O actual Governo manteve a direcção, que vinha da legislatura anterior, na consolidação das finanças públicas e registou avanços importantes no saneamento da situação financeira da banca, conseguindo manter a confiança dos investidores e das empresas. Foi possível aumentar a despesa com os funcionários públicos e as prestações sociais reduzindo o investimento público para valores mínimos, poupando na despesa com juros da dívida e aumentando a receita fiscal para valores máximos.

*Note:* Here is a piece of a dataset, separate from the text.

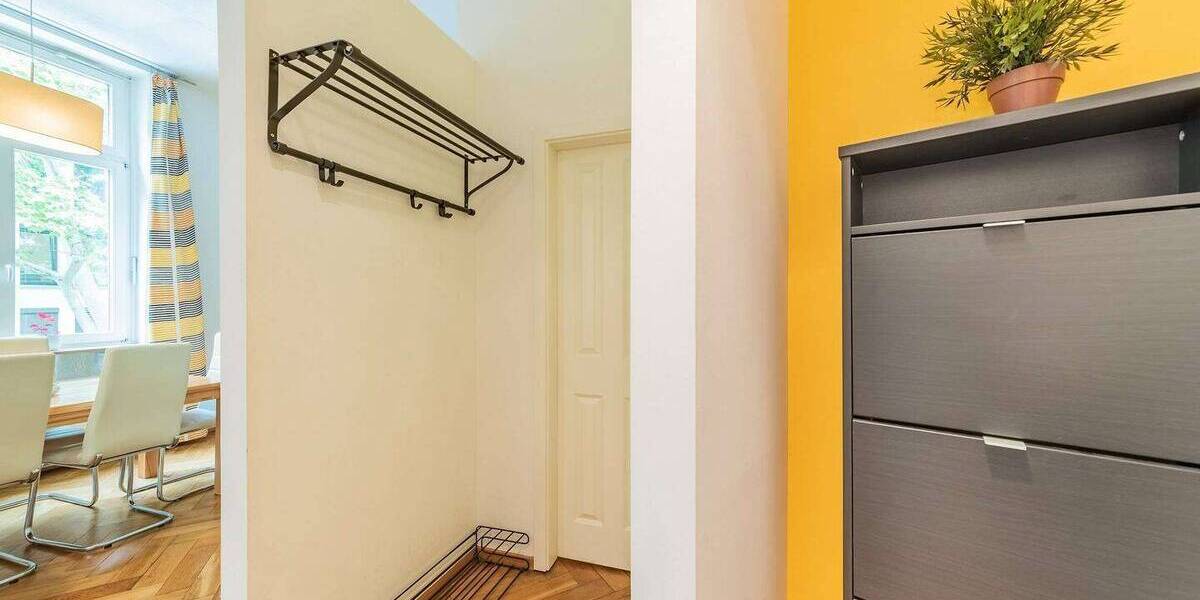 Etagenwohnung Frankfurt am Main Sachsenhausen - 2 Zimmer, 62 m&sup2;, 1.700&euro; | Angebot:26076041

Na próxima legislatura aquelas condições não se vão repetir. A margem para a poupança com os juros da dívida é mais reduzida. O investimento público vai ter de aumentar para evitar rupturas, com consequências imprevisíveis, nos serviços públicos e nas infraestruturas. Também a execução dos fundos europeus vai exigir mais investimento público. Por outro lado, vai ser mais difícil repetir os ganhos de receita fiscal da última legislatura porque a probabilidade de uma recessão na Zona do Euro é elevada e porque o aumento do emprego também não se vai repetir.
Num contexto de baixo crescimento ou mesmo recessivo, o próximo Governo vai ter menos para distribuir aos funcionários públicos e aos pensionistas. O aumento do investimento público ou a baixa de impostos, previstos nos programas eleitorais, podem ajudar a estimular a economia. Todavia, ambas as políticas estão muito condicionadas pela elevada dívida pública e pelas regras europeias do Tratado Orçamental. Garantir as condições de estabilidade de curto prazo – muito dependentes do cumprimento das metas orçamentais e da confiança dos investidores, que num contexto de incerteza estão mais atentos – vai ser um desafio de monta. Os conflitos que se antecipam à volta da mesa do orçamento tornam pouco verosímil uma Geringonça 2.0 nos próximos quatro anos.
A questão que se coloca é se naquele contexto os governos minoritários liderados pelo PS ou pelo PSD terão capacidade para implementar políticas com um alcance mais longo. Na Geringonça 1.0 não há uma reforma de relevo. Como desculpa para essa falta de reformismo, diz-se que se deveu aos receios de retrocesso que daí poderiam resultar. Talvez seja mesmo só uma desculpa.
Qualquer que seja a solução governativa que saia destas eleições, não estou muito optimista em relação à vontade e à capacidade de implementarem políticas que aumentem o potencial de crescimento do país. Como já referi num artigo anterior, a regulação dos mercados, onde existe uma enorme margem de melhoria com ganhos de crescimento significativos, está ausente dos programas eleitorais. O PS, que na oposição queria mudar o método de nomeação do Governador do Banco de Portugal, agora que deverá ser a sua vez de o nomear deixou cair essa intenção. Também no combate à corrupção, onde alguns esperavam um contributo do Bloco e do PCP, nada se vê. Na reorganização do Estado, que deve ter em conta os níveis Central, Regional e Local, e sem a qual não vamos conseguir conter o crescimento da despesa pública, nem ter um Estado eficiente que tenha flexibilidade para se adaptar com rapidez às novas condições de competitividade da economia, se antecipam mudanças com significado.
Uma conjuntura internacional com mais incerteza e menos crescimento vai reduzir as possibilidades da política orçamental, nomeadamente das políticas de redistribuição de rendimentos que o Governo ainda em funções privilegiou. Sem orçamento para redistribuição aumentam os riscos de instabilidade política e social. Estes riscos poderão levar o próximo governo a tentar prosseguir uma gestão de dia-a-dia, como a que foi seguida nesta legislatura. No entanto, governar como habitualmente será mais difícil num regime de baixo crescimento ou recessão. Se o próximo primeiro-ministro tiver essa ‘arte’, Portugal continuará a aproximar-se ainda mais da cauda da Europa.
O lema de Salazar não pode colher numa sociedade onde a pobreza atinge cerca de 20% das crianças e a maioria da população tem níveis de rendimento que a coloca no grupo dos mais pobres da Europa. Gosto de acreditar que essa maioria deseja mudança. Mas, mais uma vez, o ímpeto para a mudança, se vier, virá de fora.